La militante féministe Alice Coffin a été écartée de l’Institut catholique de Paris où elle enseignait depuis huit ans ce jeudi 8 octobre. Récemment élue Europe-Écologie-Les Verts au Conseil de Paris, la journaliste s’est vue reprochée son « militantisme trop visible ». Coffin a fait rapidement part de son incompréhension : « Cet été, j’ai été insultée de toute part, gravement cyberharcelée, mise sous protection policière, mais le seul truc qui m’ait vraiment atteinte, c’est la perte de cet emploi-là. » Difficile d’expliquer exactement pourquoi cette éviction a lieu maintenant. Les engagements de Coffin sont en effet bien connus de la « Catho ». La publication à venir de son prochain ouvrage, Le Génie lesbien (Grasset, 2020) a peut-être pesé dans la balance. L’ouvrage s’annonce comme une charge particulièrement directe contre les hommes et l’hétérosexualité : « Il ne suffit pas de nous entraider, il faut, à notre tour, les éliminer » ; « les lesbiennes sont la plus lourde menace contre le patriarcat, poursuit la militante » ; « nous avons le pouvoir, sans les éliminer physiquement, de priver les hommes de leur oxygène : les yeux et les oreilles du reste du monde. » Au delà de la polémique, le propos de l’ouvrage réactive une question qui tiraille le féminisme depuis plus de quarante ans : les femmes doivent-elles se passer des hommes ? 

Le lesbianisme militant est un thème central de la seconde vague du féminisme qui se développe dans les années 1960 et 1970. Pour résumer, là où les féministes de la première vague se concentraient sur les conquêtes politiques (droit de vote, doit à la contraception, etc.), celles de la seconde vagues s’efforcent de déconstruire la matrice oppressive, patriarcale et hétérosexuelle, qui structure les sociétés. Comment, cependant, échapper à la domination masculine qui s’est insinuée dans tous les domaines de la vie ? En faisant sécession, répondent certaines féministes dites radicales de part et d’autre de l’Atlantique – avec les Women’s Lib américain et son pendant français, le MLF.

 

  • Dès les années 1960, certaines militantes commencent à développer des pratiques de non-mixité et s’interrogent sur la possibilité de concilier la lutte féministe avec une sexualité hétérosexuelle. La non-mixité, qui permet aux femmes de se réunir temporairement entre elles, est-elle suffisante ? Faut-il aller plus loin, vers un séparatisme durable permettant l’établissement d’une société parallèle ? Cette idée se développe, notamment au sein du Leeds Revolutionary Feminist Group. Toutes les femmes du groupe ne pratiquent pas une sexualité lesbienne : certains choisissent le célibat volontaire, d’autres se considèrent comme asexuelles. Leur séparatisme est d’abord défini par la négative : la « lesbienne politique » est « une femme qui ne baise pas d’hommes. » Certaines conservent cependant des relations hétérosexuelles, à conditions que celles-ci n’implique pas de lien d’affection. 
  • La rédaction du SCUM Manifesto (SCUM est l’acronyme anglais de « Société pour l’émasculation des hommes ») par Valerie Solanas en 1967 contribue à la popularisation du féminisme séparatiste.
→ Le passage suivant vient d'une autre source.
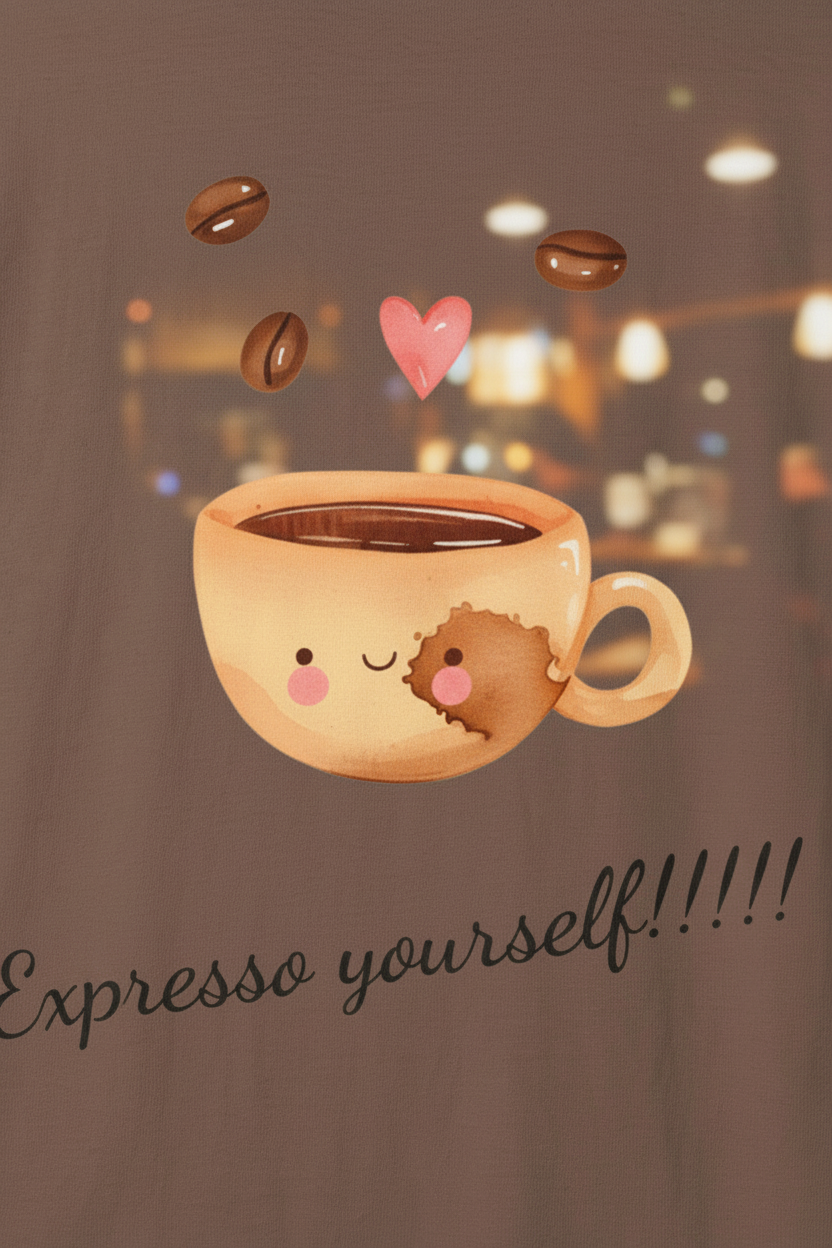 Expresso Tee Detail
Satirique, l’ouvrage souligne que les femmes doivent apprendre à se passer des hommes, y compris pour des questions reproductives : « Grâce au progrès technique, on peut aujourd'hui reproduire la race humaine sans l’aide des hommes (ou d’ailleurs sans l’aide des femmes) et produire uniquement des femmes ; conserver le mâle n'a même pas la douteuse utilité de permettre la reproduction de l'espèce. Le mâle est un accident biologique ; le gène Y (mâle) n'est qu'un gène X (femelle) incomplet, une série incomplète de chromosomes. » Les hommes ne peuvent rien apporter au mouvement féministe ; au contraire, ils le freinent. Solanas donne voix à une misandrie radicale.
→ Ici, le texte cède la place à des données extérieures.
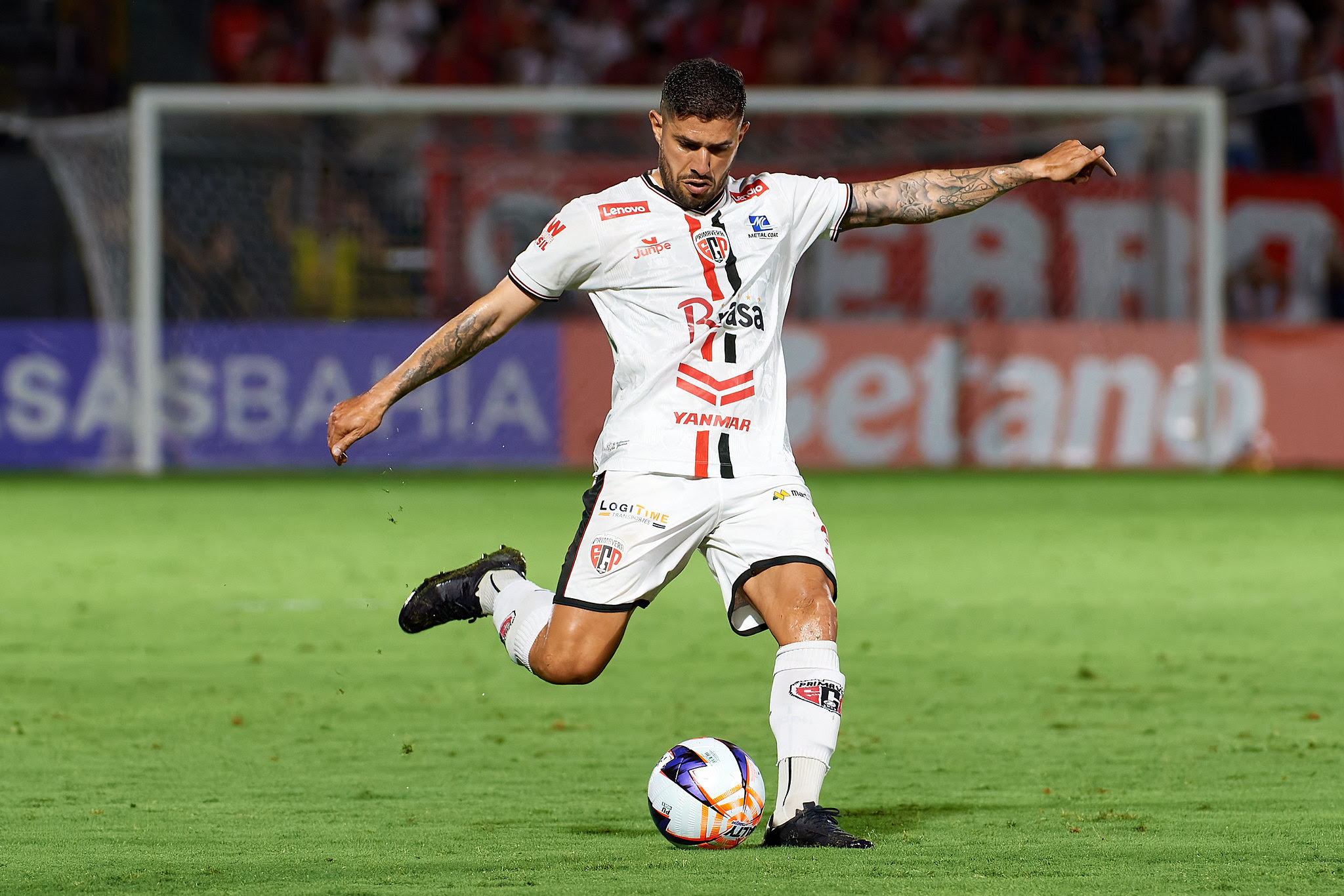 Presente em todos os jogos do Primavera em 2026, versátil Thales Oleques valoriza passagem pelo clube e projeta sequência da carreira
  • Les groupes lesbiens séparatistes se multiplient dans les années 1970. En 1971, la militante américaine de The Feminists Ti-Grace Atkinson prononce la phrase qui devient l’un des slogans du mouvement : « Le féminisme, c'est la théorie ; le lesbianisme, c'est la pratique. » Elle est alors l’une des pionnières de l’idée de « sororité » – qui doit permettre aux femmes, en vivant entre elles, de développer de nouvelles valeurs. L’année suivante, Charlotte Bunch, issue de The Furies Collective, appelle les lesbiennes à ne pas nouer de relations avec les femmes complices du système « hétéronormatif » : « Tant que les femmes bénéficient de l'hétérosexualité, de ses avantages et de sa sécurité, elles sont vouées à trahir leurs sœurs, en particulier leurs sœurs lesbiennes qui n’ont pas reçu ces privilèges. » Le mouvement français des Gouines rouges est sur la même ligne : « Toutes les femmes doivent devenir lesbiennes, c’est-à-dire : solidaires, résistantes, non collaboratrices. »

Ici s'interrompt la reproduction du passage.